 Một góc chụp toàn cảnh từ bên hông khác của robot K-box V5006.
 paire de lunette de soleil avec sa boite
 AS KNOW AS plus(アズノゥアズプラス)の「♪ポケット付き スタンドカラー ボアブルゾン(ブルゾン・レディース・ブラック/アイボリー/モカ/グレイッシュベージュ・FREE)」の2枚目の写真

* * * * * * * * *

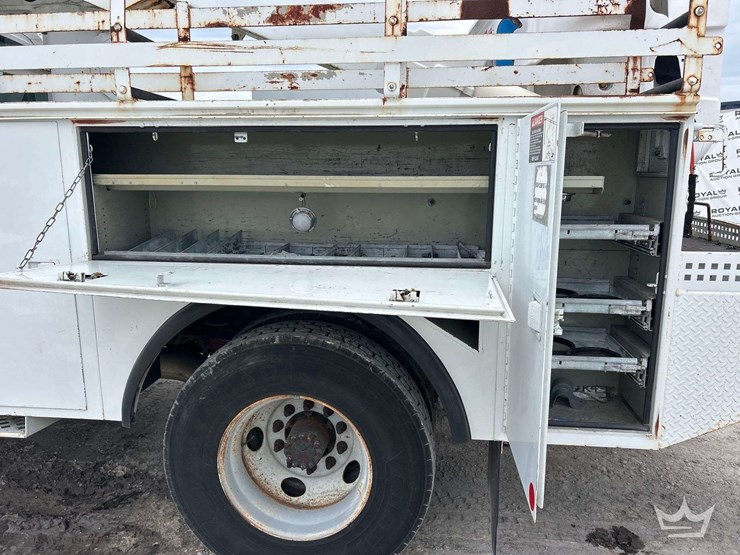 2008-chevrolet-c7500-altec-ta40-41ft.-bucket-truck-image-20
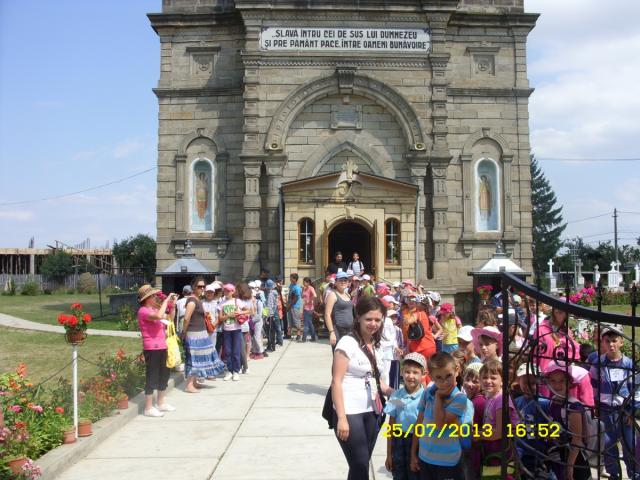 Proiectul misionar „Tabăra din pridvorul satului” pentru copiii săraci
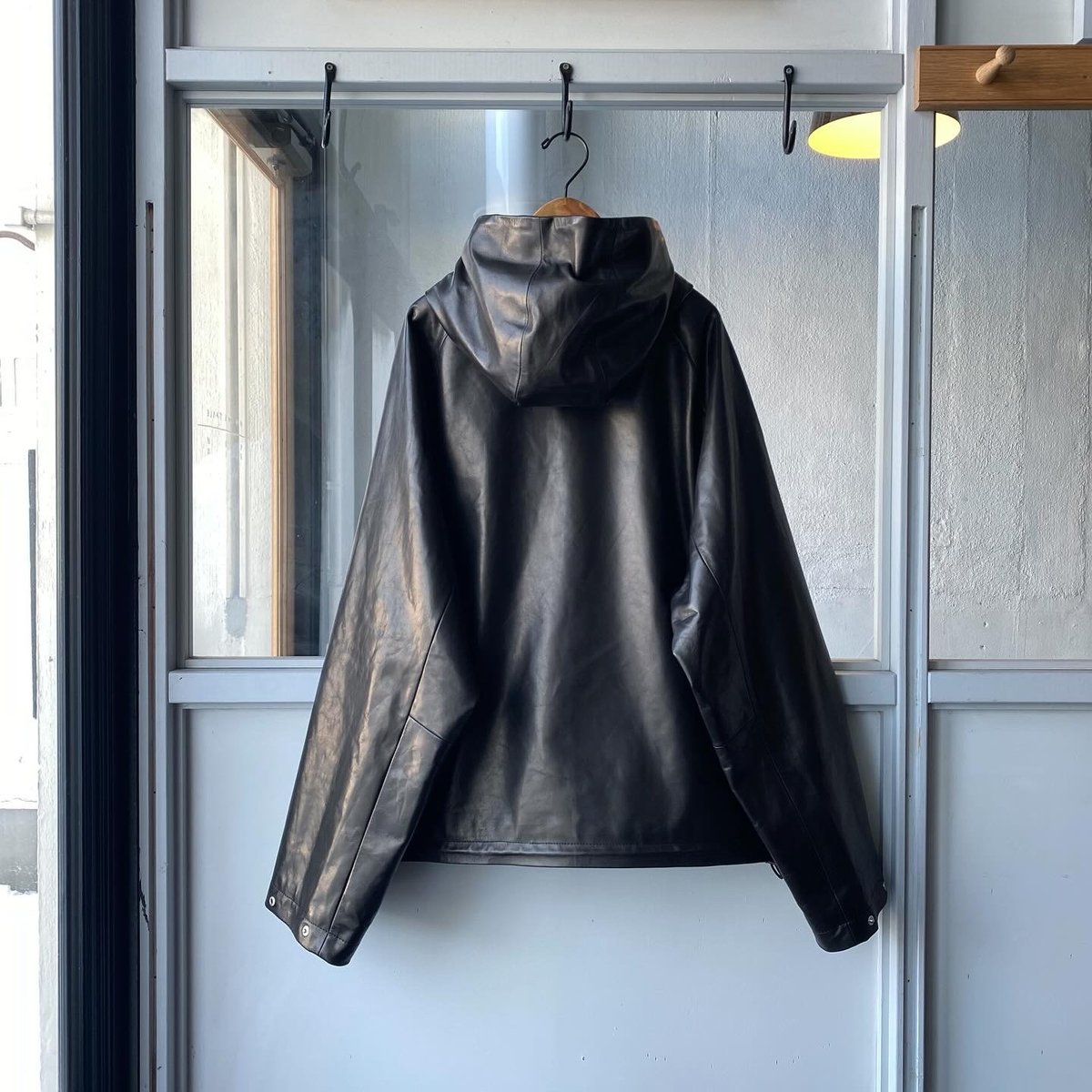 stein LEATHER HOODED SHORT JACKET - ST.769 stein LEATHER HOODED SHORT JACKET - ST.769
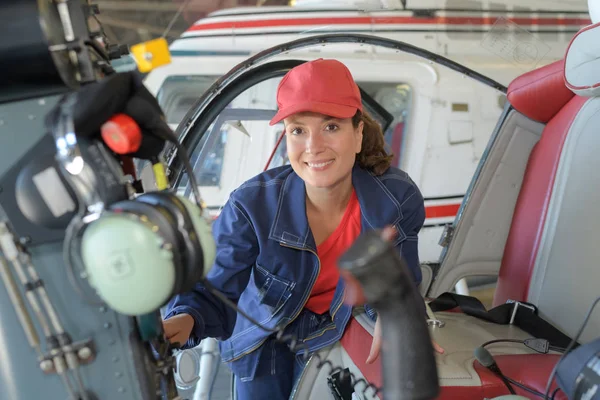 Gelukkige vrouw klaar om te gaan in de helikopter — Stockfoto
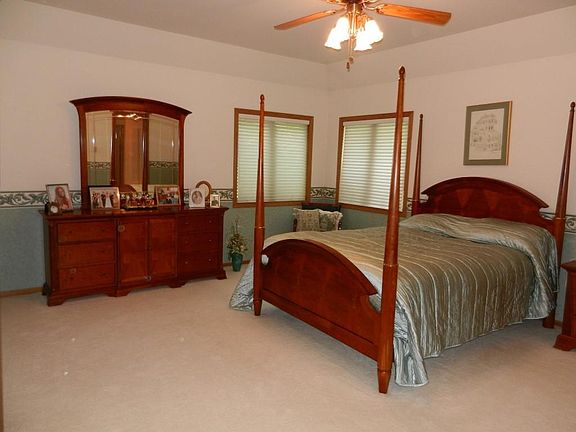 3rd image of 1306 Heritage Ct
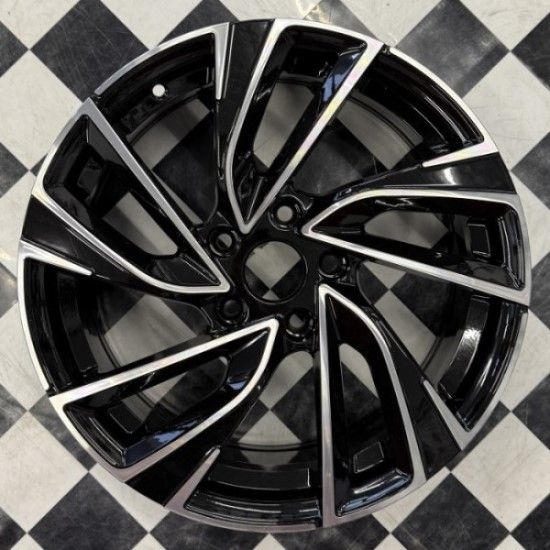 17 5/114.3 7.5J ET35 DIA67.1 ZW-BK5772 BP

* * * * * * * * *

Reproducing the whole listing above is not the task. Copy exactly only the lines from the one with "Một góc chụp" to the one with "AS KNOW AS plus(アズノゥアズプラス)の「♪ポケット付き", both kept.

 Một góc chụp toàn cảnh từ bên hông khác của robot K-box V5006.
 paire de lunette de soleil avec sa boite
 AS KNOW AS plus(アズノゥアズプラス)の「♪ポケット付き スタンドカラー ボアブルゾン(ブルゾン・レディース・ブラック/アイボリー/モカ/グレイッシュベージュ・FREE)」の2枚目の写真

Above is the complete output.